A lot has changed between 2009 when the other article was written and now. Hence, the reason for writing a modern variant of the article. Cynthia, I hope this helps.
Entrepreneurs and small businesses often face challenges when trying to raise funds for the normal day to day business operations of their startups and when they want to expand. These challenges can be attributed to various factors, and here are some common reasons along with suggested solutions – sources of finance:
- Limited Collateral: Many entrepreneurs lack significant assets or collateral to secure traditional loans. This is a major obstacle for banks and lenders who require collateral to mitigate risk. No wonder Robert Kiyosaki said that banks don’t give you money when you really need it.
Solution: Explore alternative lending options such as microloans, peer-to-peer lending, or crowdfunding that may not require traditional collateral.

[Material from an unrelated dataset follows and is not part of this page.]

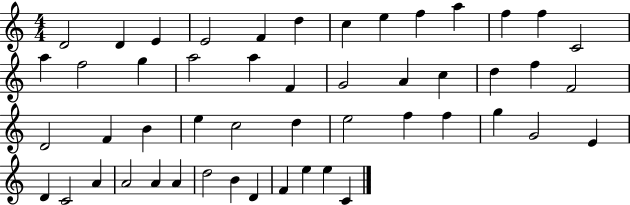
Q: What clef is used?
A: treble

- Limited Credit History: New entrepreneurs often lack a strong credit history, making it difficult to qualify for loans or lines of credit. The few that has some credit history has a very messy one.
Solution: Build a credit history by using business credit cards, making timely payments, and maintaining a good personal credit score. Consider lenders that specialize in working with startups and have flexible credit requirements.
- High Risk Perception: Lenders perceive startups and small businesses as riskier investments, which can result in higher interest rates and stricter lending terms.
Solution: Prepare a comprehensive business plan that outlines your business strategy, market research, financial projections, and risk mitigation strategies. This can help reassure lenders of your business’s potential.
- Lack of Financial Records: New businesses may not have a track record of financial stability, making it challenging to demonstrate their ability to repay loans.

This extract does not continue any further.